>>>>>

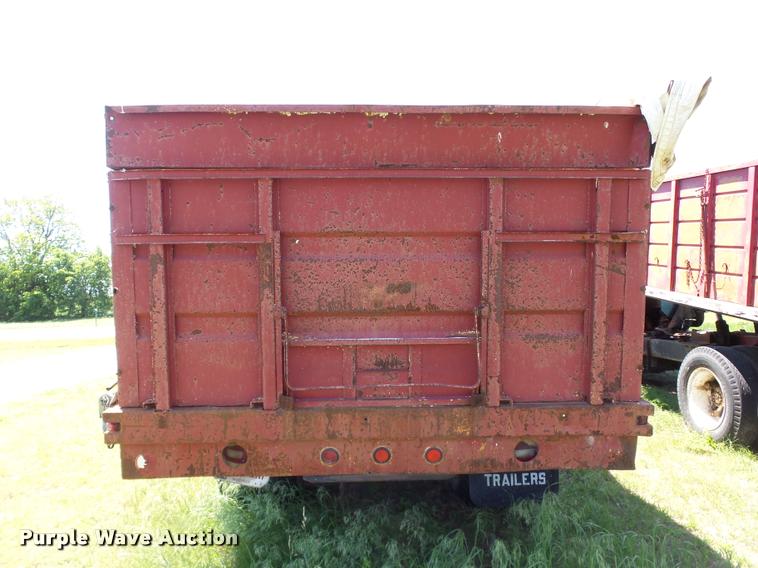 image for item DB4000 1974 GMC C6500 grain truck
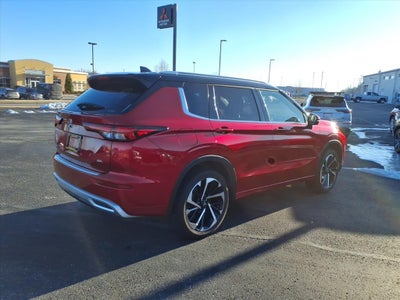 2024 Mitsubishi Outlander Base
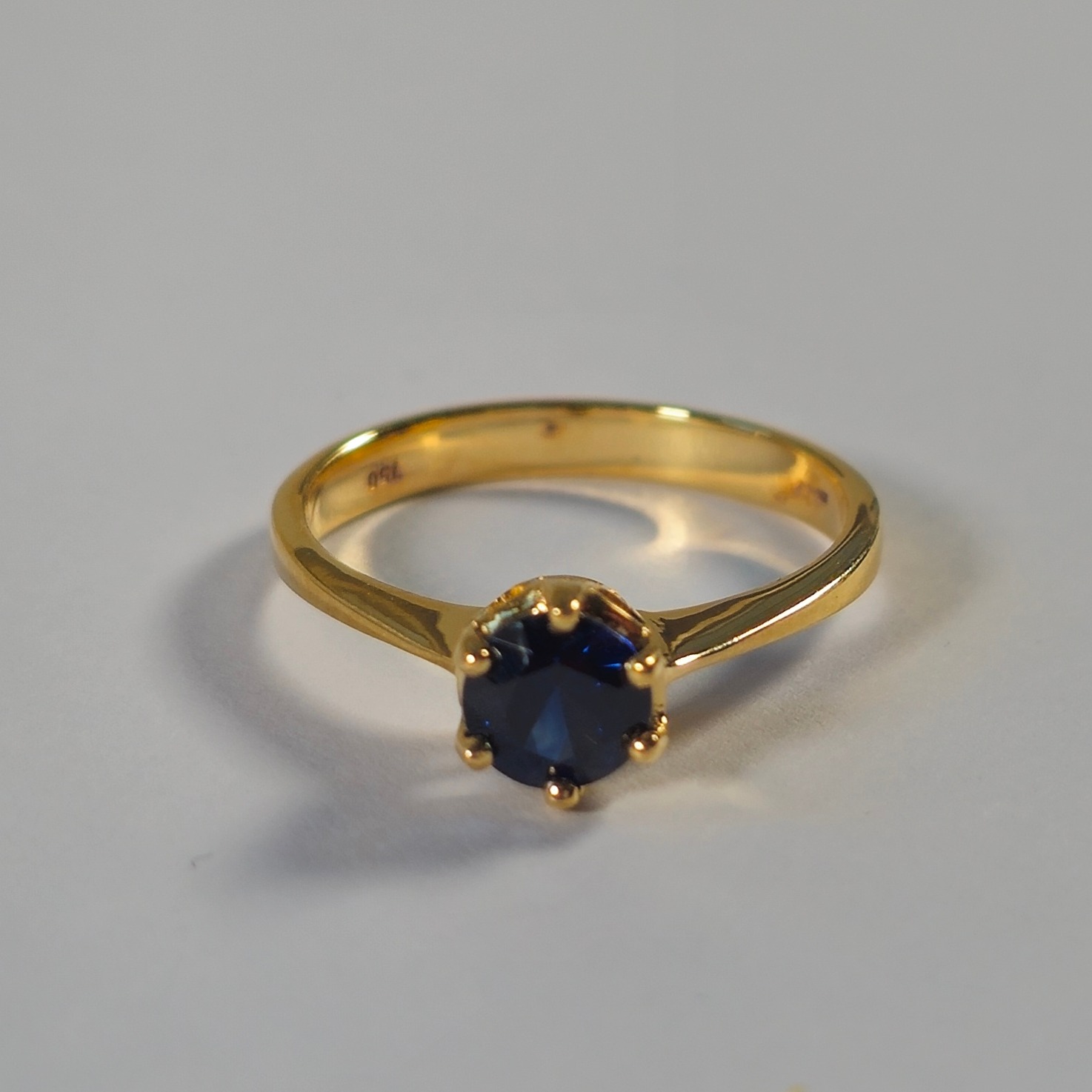 Product photo for 18ct Gold 6 Claw Round Blue Sapphire Solitaire Engagement Style Ring Size M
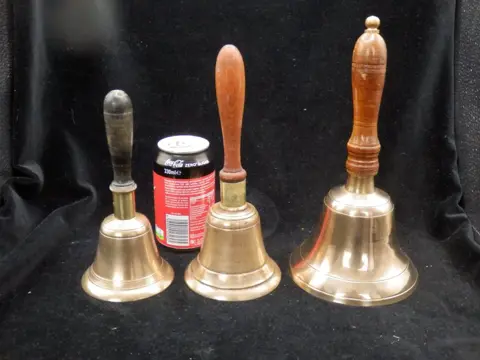3 Fraaie vintage Handbellen (3) - Brons, Hout, Messing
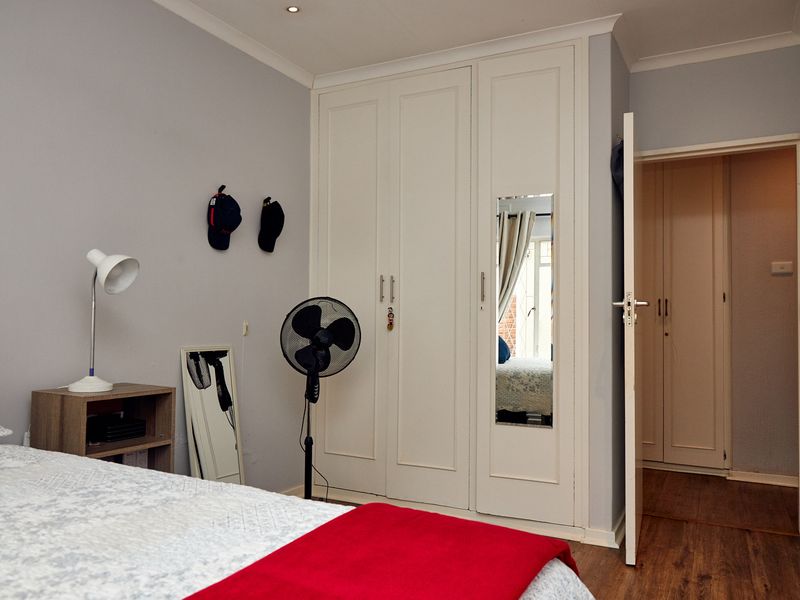 3 Bedroom 2 Bathroom Townhouse - Best in the complex - Photo 6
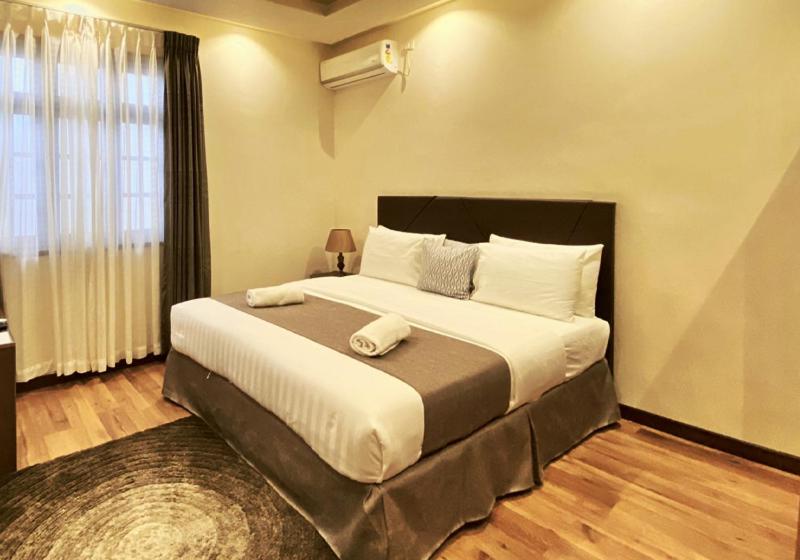 Double or Twin Room - Photo 10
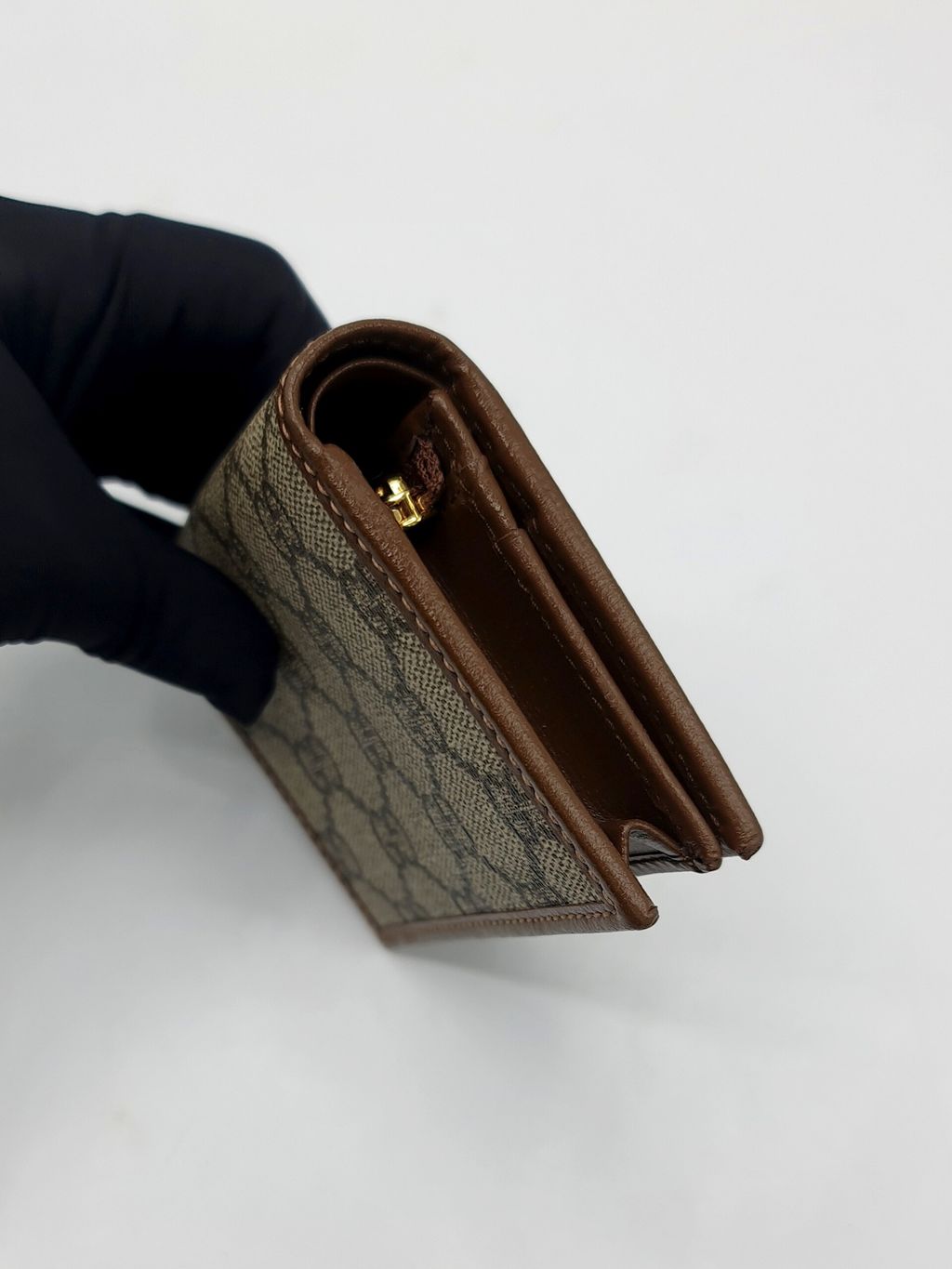 82e90a66-f41e-4725-8e73-387d2f81db5c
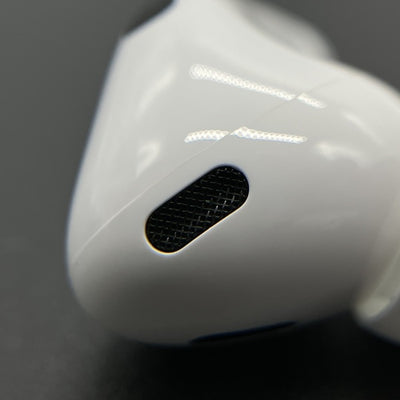 【中古】MagSafe充電ケース(USB-C)付きAirPods Pro(第2世代) MTJV3JA【日本橋】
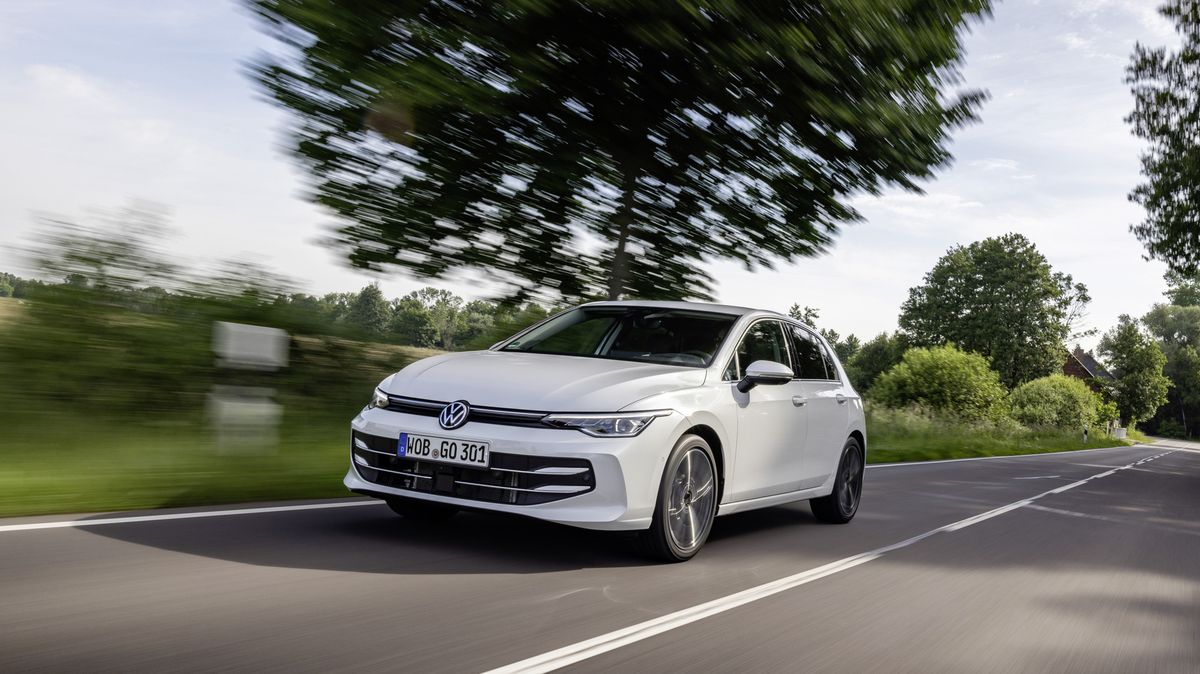 Devátý Volkswagen Golf současný model nejspíš nenahradí, prodávat by se mohly zároveň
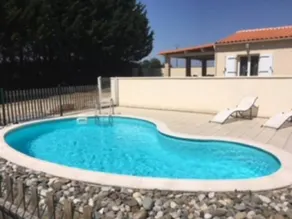 Family-oriented house with garden, barbecue & private pool | Pool view | Pets allowed - Image 2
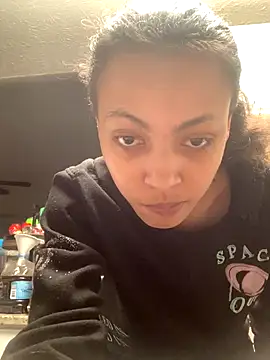 Redbone001 online show from September 2025 06:35:01 AM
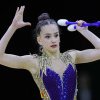 Amalia Lică s-a întors în țară cu patru medalii de aur la Europenele de gimnastică ritmică. Colegii de școală au așteptat-o la aeroport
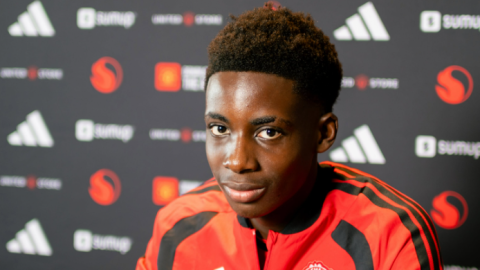Manchester United new signing David Eze. PHOTO/https://www.facebook.com/manchesterunited/photos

<<<<<

Exercise
Take the lines above starting at the one containing "82e90a66-f41e-4725-8e73-387d2f81db5c" and ending at the one containing "Amalia Lică s-a", and print them again exactly, without pictures.

Written answer
 82e90a66-f41e-4725-8e73-387d2f81db5c
 【中古】MagSafe充電ケース(USB-C)付きAirPods Pro(第2世代) MTJV3JA【日本橋】
 Devátý Volkswagen Golf současný model nejspíš nenahradí, prodávat by se mohly zároveň
 Family-oriented house with garden, barbecue & private pool | Pool view | Pets allowed - Image 2
 Redbone001 online show from September 2025 06:35:01 AM
 Amalia Lică s-a întors în țară cu patru medalii de aur la Europenele de gimnastică ritmică. Colegii de școală au așteptat-o la aeroport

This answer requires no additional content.